Red Beard
★★★★

Watched 03 Jun 2020

RASHOMON is one of Kurosawa's darkest, most cynical films, but there's something about its ending that plants a seed of hope that really won't get watered, nourished and harvested till RED BEARD. If you recall, the woodcutter finds and saves an abandoned baby during a torrential downpour. It's a remarkable moment. Everything up to that point has been pretty stormy and pessimistic, clouded through a subjective mist of lies, despair and uncertainty. But the ending's moralistic adoption of a child suggests there is not only some bastion of hope for the future, there's also a way to care for the suspicion of the world if we work to alleviate the suffering of others. So powerful is the ending to RASHOMON, you can't help but feel Kurosawa wanted to articulate that hope with greater clarity and compassion, and that's exactly what he does for 3 hours in RED BEARD —his most spiritual, life-affirming film next to IKIRU

RED BEARD lays bear the goodness of humanity even more than IKIRU. The harsh, absurd world in need of remedy is still present, but the existential longing and thirst for meaning fades to an overwhelming optimism that somehow manages to never turn sentimental. So many of Kurosawa's films in fact have a penchant for what is dour (THE LOWER DEPTHS, THE BAD SLEEP WELL, THRONE OF BLOOD, HIGH AND LOW) that it's kinda nice to see him work in a wheelhouse opposite of "evil begets evil." If anything, RED BEARD is firmly committed to the healer's art and believes that "good begets good." There might be death and sickness and disease all around us, but there are still good-hearted people who choose hope over bitterness, patience over despair. As Ritchie contends: "the world in which we live may indeed be a hell, but good is just as infectious as evil." 
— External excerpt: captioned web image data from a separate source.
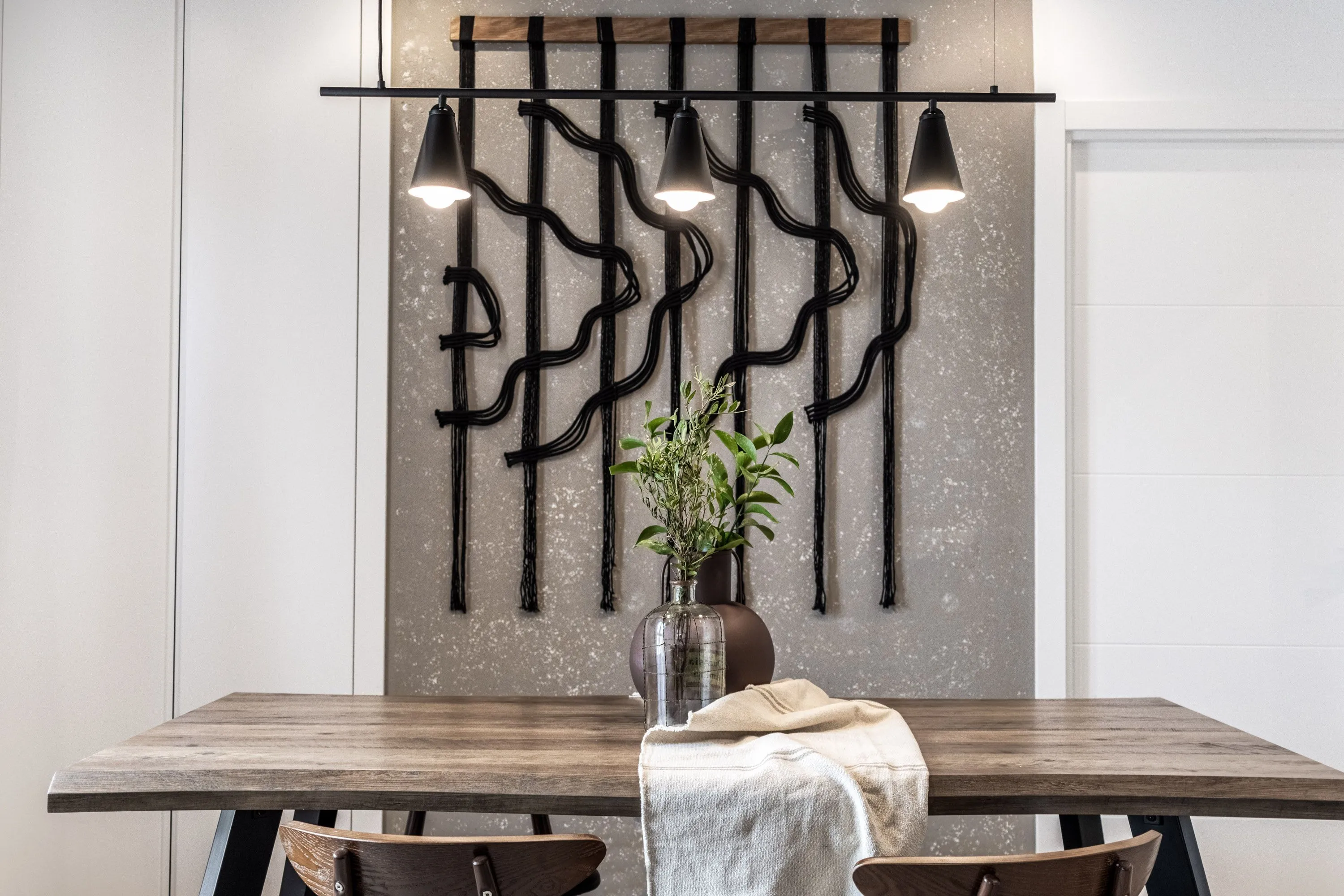 Elegant Madrid Flat With High-speed Internet & Ergonomic Workspace For Remote Work #4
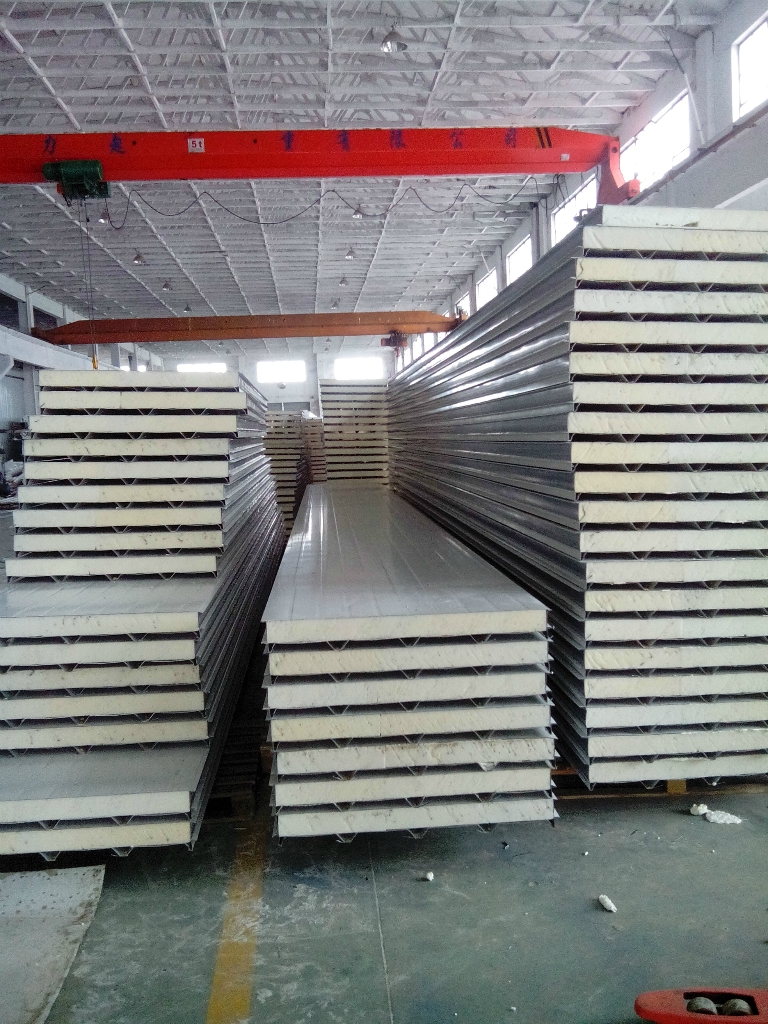 昆明聚氨酯板价格/昆明聚氨酯彩钢板生产厂家价格一米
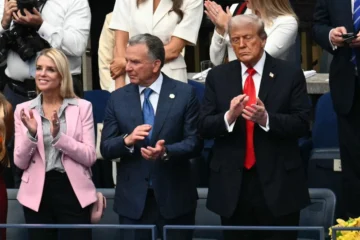 La fiscal general de Estados Unidos, Pam Bondi, el enviado especial de Estados Unidos, Steve Witkoff, y el presidente de Estados Unidos, Donald Trump, asisten a la final de tenis individual masculina entre el español Carlos Alcaraz y el italiano Jannik Sinner en el último día del torneo de tenis US Open en el Centro Nacional de Tenis Billie Jean King de la USTA en la ciudad de Nueva York, el 7 de septiembre de 2025. (Foto de Mandel NGAN / AFP)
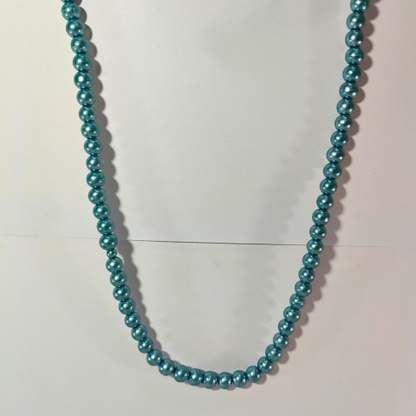 Elegant Blue Pearl Beaded Necklace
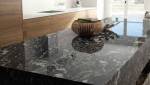 Plan de cuisine en granit brillant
What's amazing about Red Beard is how possessed, consumed and hard-boiled he is for promoting the good. He's a doctor who's seen all the gloom and doom humanity can offer. He bears not even the slightest trace of cynicism in his countenance. He's old, wise, and experienced beyond years, and he always sees beyond the trauma of his patients to the cure that will make them whole, as if prophetically recognizing the potential in others they don't see in themselves. To borrow the language of Socrates, Red Beard is not only good himself, but the cause of goodness in others. I love how contagious his goodness is. He heals Yasumoto, Yasumoto then heals Otoyo. Otoyo heals Yasumoto when he falls ill, which leads her to heal the thieving boy. Everybody mends everybody else. The healer's art literally presses on these characters like electricity crackling through their nerves, awakening them to powers they never knew they could possess. 

The hospital isn't a place where diagnoses and prescriptions are dished out, but where suffering gets spiritualized into a social process that involves intense patience, care, love and kindness. 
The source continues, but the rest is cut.